This is the rabbit stew recipe that gives you a second helping from the lapin (rabbit) your family ate yesterday.
In our home, rabbit stew turns out differently every time, and believe me, we eat quite a bit. Whatever vegetables we have on hand may very well go into the pot.
For example, in addition to the veggies suggested below, we’ve added beets, cabbage, and leeks at various times. And each pot of lapin (or lappin - rabbit) stew ends up becoming a hearty meal for the whole family, stretching one rabbit into two meals for a family of four.
-- Bones and meat scraps from one or two rabbits (leftovers)
-- Filtered water to cover
-- S&P to taste
-- 6 cloves garlic, chopped or crushed
-- 1 med or large onion chopped
-- 2-3 carrots, chopped
-- 3-4 celery stalks, chopped
-- 1 tablespoon poultry seasoning
-- 1 teaspoon basil, freshly crushed in mortar, or, generous fresh basil sprig
-- 1 tablespoon vinegar
2-3 potatoes, chopped (with skins), or:
cup barley, OR: 1-2 cups noodles, OR: 2 cups brown rice
Add any combination of the following vegetables when nearly finished:
Frozen peas -- half a small bag
Frozen spinach -- 1 small bag
Frozen mustard or collard greens -- 1 small bag
Any leftover veggies you may have in the frig
Top finished rabbit stew recipe, if desired, with your choice of finely chopped herbs/cheese:
Chopped green onions
Shredded cheddar, swiss or parmesan cheese
Below: Who says one must follow a recipe to the 't'? This rabbit stew-du-jour contained only beans, oats, rabbit, sun-dried tangy tomatoes, and spices. It was wonderful!
After a meal of fried lapin (rabbit), or after crock-potting a stewer rabbit and using the lapin in another recipe (leave a little meat on the bones), gather up the bones and meat scraps and place all in a dutch oven. Cover with filtered water. Add S&P, garlic, onion, carrots, celery, poultry seasoning, basil and vinegar to the pot.
Bring to boil and simmer for several hours, or until bones become soft. (The vinegar helps to leach the minerals out of the bones, yet you'll likely not detect any vinegar flavor.)
Remove pot from heat, and allow to cool.
When cool enough to handle, remove the bones from the pot and discard. To do this, I put a second dutch oven in the sink, place a large colander on top, and pour the lapin broth, bones and veggies into the colander. (Makes the job of getting the bones out easier.)

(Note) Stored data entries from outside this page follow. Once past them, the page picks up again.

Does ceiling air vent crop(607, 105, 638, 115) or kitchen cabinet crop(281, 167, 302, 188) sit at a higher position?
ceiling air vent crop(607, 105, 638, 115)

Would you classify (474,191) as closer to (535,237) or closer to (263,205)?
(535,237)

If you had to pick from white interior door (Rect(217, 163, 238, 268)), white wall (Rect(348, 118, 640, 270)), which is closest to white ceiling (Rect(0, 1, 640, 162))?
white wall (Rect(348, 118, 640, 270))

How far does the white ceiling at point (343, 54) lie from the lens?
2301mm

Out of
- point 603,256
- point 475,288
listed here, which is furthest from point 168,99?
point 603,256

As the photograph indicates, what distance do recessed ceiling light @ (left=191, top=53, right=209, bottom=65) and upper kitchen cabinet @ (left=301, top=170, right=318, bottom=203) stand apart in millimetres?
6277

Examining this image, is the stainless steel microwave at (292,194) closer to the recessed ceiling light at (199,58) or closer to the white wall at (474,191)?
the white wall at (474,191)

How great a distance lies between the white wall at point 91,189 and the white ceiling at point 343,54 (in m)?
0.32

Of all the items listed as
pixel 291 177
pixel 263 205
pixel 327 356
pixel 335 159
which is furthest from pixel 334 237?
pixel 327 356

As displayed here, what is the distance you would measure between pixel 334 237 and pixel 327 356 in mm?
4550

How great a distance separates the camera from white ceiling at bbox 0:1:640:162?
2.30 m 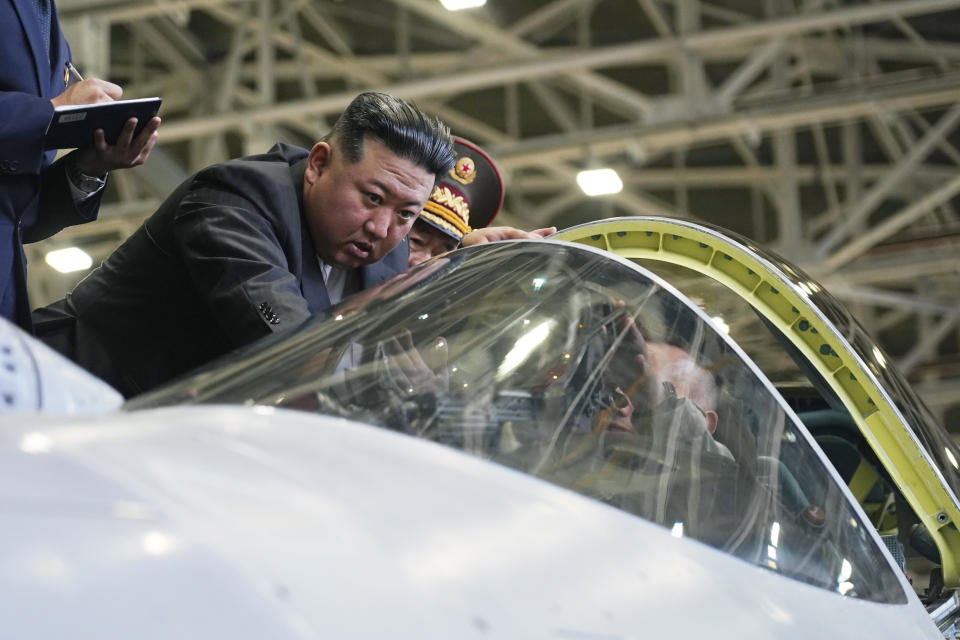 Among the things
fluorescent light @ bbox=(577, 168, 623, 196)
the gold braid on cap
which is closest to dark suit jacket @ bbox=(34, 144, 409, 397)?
the gold braid on cap

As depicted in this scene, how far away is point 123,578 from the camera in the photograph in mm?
869

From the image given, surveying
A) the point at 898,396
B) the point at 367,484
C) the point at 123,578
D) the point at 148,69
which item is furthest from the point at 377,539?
the point at 148,69

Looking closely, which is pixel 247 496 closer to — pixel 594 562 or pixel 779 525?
pixel 594 562

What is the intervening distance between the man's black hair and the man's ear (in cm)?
3

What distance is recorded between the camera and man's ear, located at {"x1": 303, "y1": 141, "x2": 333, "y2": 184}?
2863 mm

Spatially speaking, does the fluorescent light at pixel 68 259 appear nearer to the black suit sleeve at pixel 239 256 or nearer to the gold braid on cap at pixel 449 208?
the gold braid on cap at pixel 449 208

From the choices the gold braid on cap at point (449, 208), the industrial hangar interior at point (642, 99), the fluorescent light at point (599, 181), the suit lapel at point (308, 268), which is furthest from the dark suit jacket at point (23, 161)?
the fluorescent light at point (599, 181)

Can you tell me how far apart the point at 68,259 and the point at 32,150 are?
12796mm

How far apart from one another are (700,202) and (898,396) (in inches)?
536

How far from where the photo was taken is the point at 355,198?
9.30 feet

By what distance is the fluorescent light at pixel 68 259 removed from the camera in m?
14.5

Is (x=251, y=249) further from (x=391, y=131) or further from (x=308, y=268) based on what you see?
(x=391, y=131)

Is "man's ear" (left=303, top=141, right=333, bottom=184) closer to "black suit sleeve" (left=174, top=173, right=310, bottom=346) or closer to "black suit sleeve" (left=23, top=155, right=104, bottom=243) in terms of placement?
"black suit sleeve" (left=174, top=173, right=310, bottom=346)

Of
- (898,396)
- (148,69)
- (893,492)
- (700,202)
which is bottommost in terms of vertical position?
(893,492) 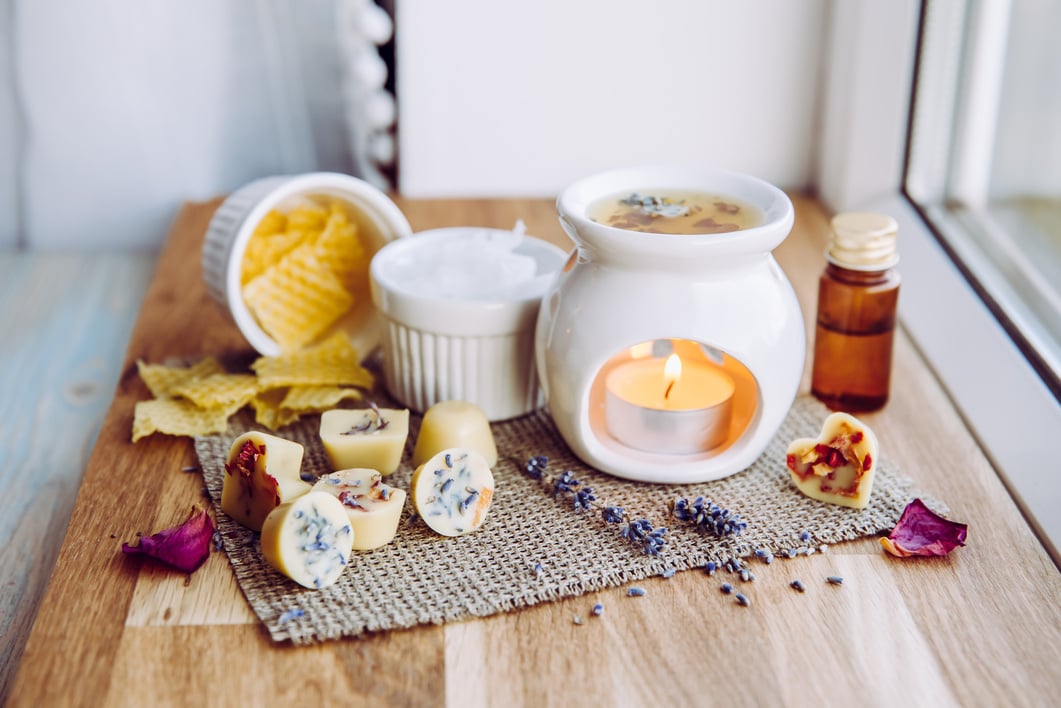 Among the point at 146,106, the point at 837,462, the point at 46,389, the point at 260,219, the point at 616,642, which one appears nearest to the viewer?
the point at 616,642

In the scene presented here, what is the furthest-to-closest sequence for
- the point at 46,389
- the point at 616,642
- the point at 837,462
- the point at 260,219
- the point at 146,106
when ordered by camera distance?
the point at 146,106 < the point at 46,389 < the point at 260,219 < the point at 837,462 < the point at 616,642

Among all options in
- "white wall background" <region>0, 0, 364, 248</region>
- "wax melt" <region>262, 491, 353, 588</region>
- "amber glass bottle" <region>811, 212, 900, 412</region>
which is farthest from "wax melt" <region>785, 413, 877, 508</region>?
"white wall background" <region>0, 0, 364, 248</region>

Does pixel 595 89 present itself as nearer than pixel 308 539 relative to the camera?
No

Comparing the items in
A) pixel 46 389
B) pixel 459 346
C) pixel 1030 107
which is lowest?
pixel 46 389

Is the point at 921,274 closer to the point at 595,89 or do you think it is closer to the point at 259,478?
the point at 595,89

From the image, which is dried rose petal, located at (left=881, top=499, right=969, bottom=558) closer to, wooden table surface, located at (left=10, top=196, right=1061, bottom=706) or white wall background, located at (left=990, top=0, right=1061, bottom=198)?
wooden table surface, located at (left=10, top=196, right=1061, bottom=706)

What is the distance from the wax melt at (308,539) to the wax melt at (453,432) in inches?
4.7

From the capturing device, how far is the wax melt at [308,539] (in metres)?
0.67

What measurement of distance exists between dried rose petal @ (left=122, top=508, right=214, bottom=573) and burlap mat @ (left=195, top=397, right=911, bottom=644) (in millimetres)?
19

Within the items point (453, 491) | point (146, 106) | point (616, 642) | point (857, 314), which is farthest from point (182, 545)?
point (146, 106)

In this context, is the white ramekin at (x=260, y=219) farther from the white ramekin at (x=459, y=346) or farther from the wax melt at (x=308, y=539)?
the wax melt at (x=308, y=539)

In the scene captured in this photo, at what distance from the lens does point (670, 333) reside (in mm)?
745

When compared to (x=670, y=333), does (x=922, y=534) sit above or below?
below

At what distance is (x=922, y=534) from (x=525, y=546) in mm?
267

You can also discard the veggies (my thrifty hub balks at this!) and then re-add various amounts of fresh veggies -- garlic, onion, carrots, celery -- back into the rabbit stew recipe. This will enhance the flavor of the stew as well as add nutrients.
Reheat. Taste; adjust seasoning at will.
Once you’ve brought the pot of rabbit stew to a boil once again, add to the pot your choice of, or combination of, potatoes, barley, noodles or brown rice. (More often than not, we simply omit these ingredients altogether in order to limit our intake of simple carbs.)
Simmer until the newly added fresh veggies and grain are soft, about 30-40 minutes.
When the rabbit stew is just 1-2 minutes from ready, add any assortment of finely chopped herbs and/or cheese to the pot.
Or, you can put these items in bowls and place on the table so family and friends can help themselves.
You know how meat broth tends to gel in the refrigerator? The reason for this is the presence of glyconutrients -- the immune-system-supercharging ‘alphabet’ whereby your body communicates with each of its parts.
This is hugely important for health. If you don’t eat enough glyconutrients, your immune system has to function with some of its ‘phone lines’ down. Important messages may not get through. You may get sick more often and recuperate more slowly.